Manchester City and Paris Saint-Germain have both been fined after a brazen indifference to the rules and have shown their preparedness to spend whatever it takes to win.
Although FFP was intended to help clubs help themselves and to prevent a dive headlong into a financial abyss, the true intent was to penalise the rich. Applying socialist doctrine to a system where free market forces have reined unfettered was always going to be a challenge.
No doubt Michel Platini, the Uefa president, would have been content to think that the oil riches of Abu Dhabi, which were invested in Manchester City, could not be used to purchase favour and advantage in order to achieve success.

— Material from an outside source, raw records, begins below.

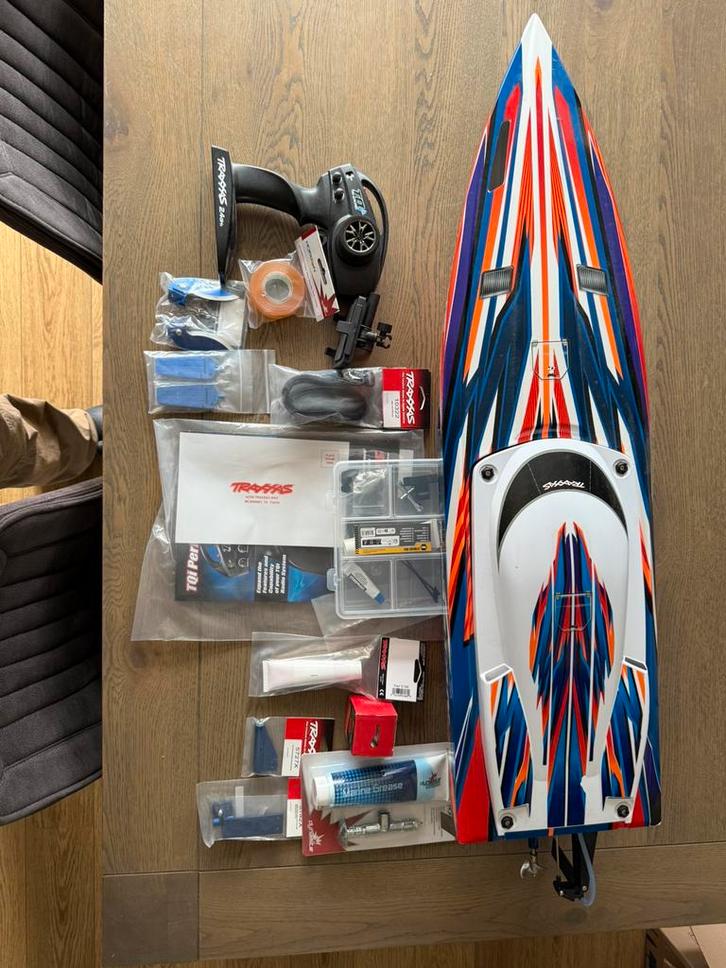 Traxxas spartan sr, Hobby en Vrije tijd, Modelbouw | Boten en Schepen, Gebruikt, Groter dan 1:32, Overige merken, Ophalen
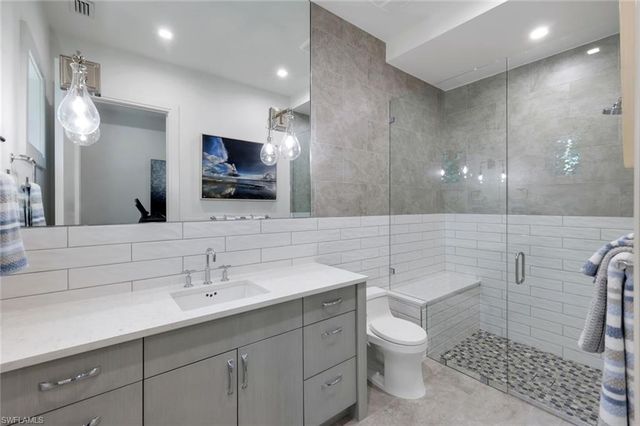 541 Whispering Pine CT, Naples, FL 34103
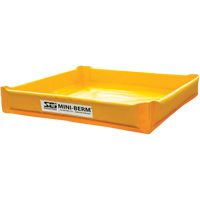 Berme de confinement compacte Mini-Berm en PVC jaune, Capacit&eacute; 34 gal. US, 3' la x 3' lo x 6" h Par Equipment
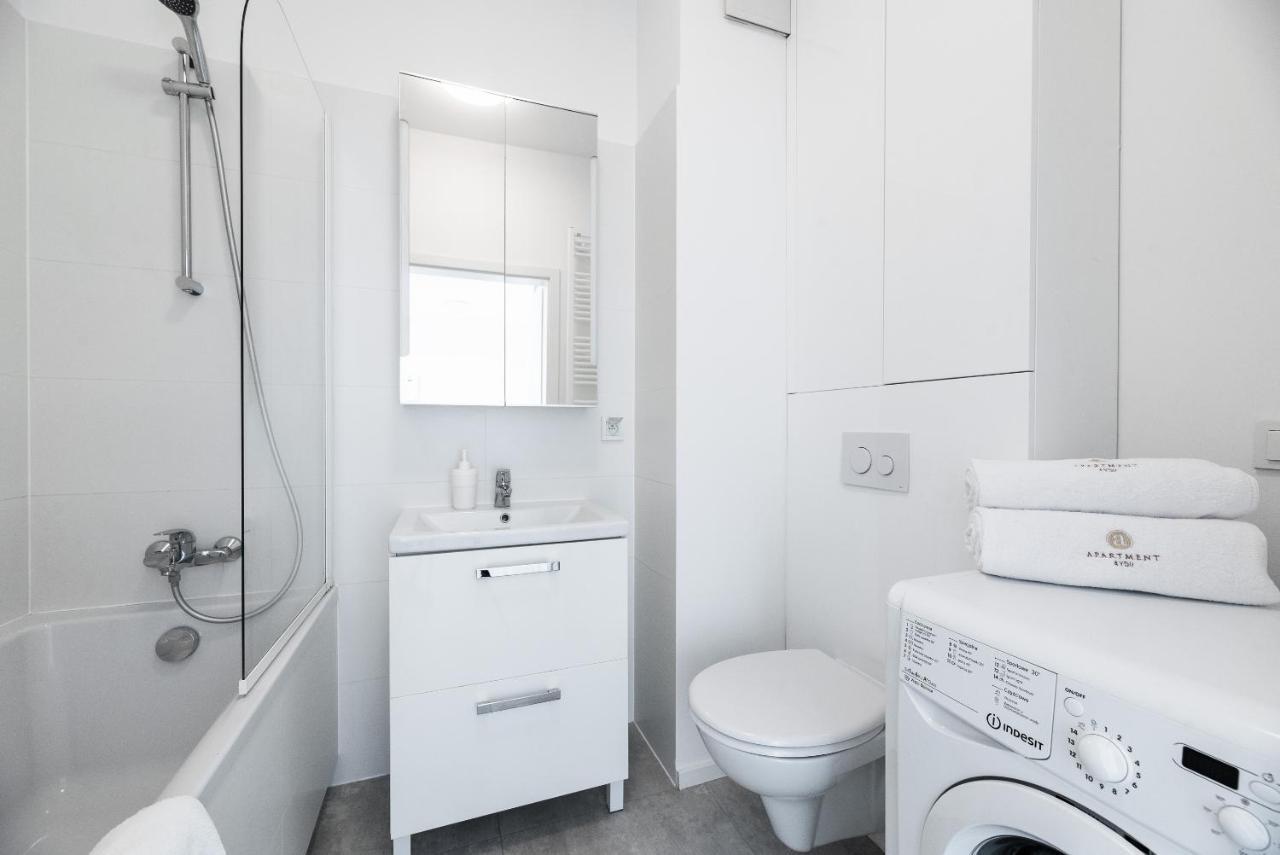 Kolejowa Aparthotel Варшава Екстериор снимка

However, when the state of Qatar with a similar abundance of natural gas reserves followed suit by acquiring Paris Saint-Germain, the problems multiplied. Both clubs overspent sizeably and, while not incurring vast external debts, ostentatiously attempted to spend their way to the top of the European tree, apparently ignoring the consequences.
Monetary fines are meaningless to nations where money has a different value. In the case of Manchester City, its £50m fine absorbs approximately four hours of cashflow for Abu Dhabi. It remains to be seen whether Uefa will ever impose the only sanction that would really terrify one of the bigger clubs, which would be to be thrown out of the Champions League.
In my opinion, these rules are ultimately for the birds. They are still easy to get around; financial penalties are relatively meaningless for the richest and yet disqualification from the Champions League is virtually unenforceable and too seismic a deterrent.
The rules have introduced massive uncertainty but will not ultimately stick.
Platini's grand plan is destined for failure.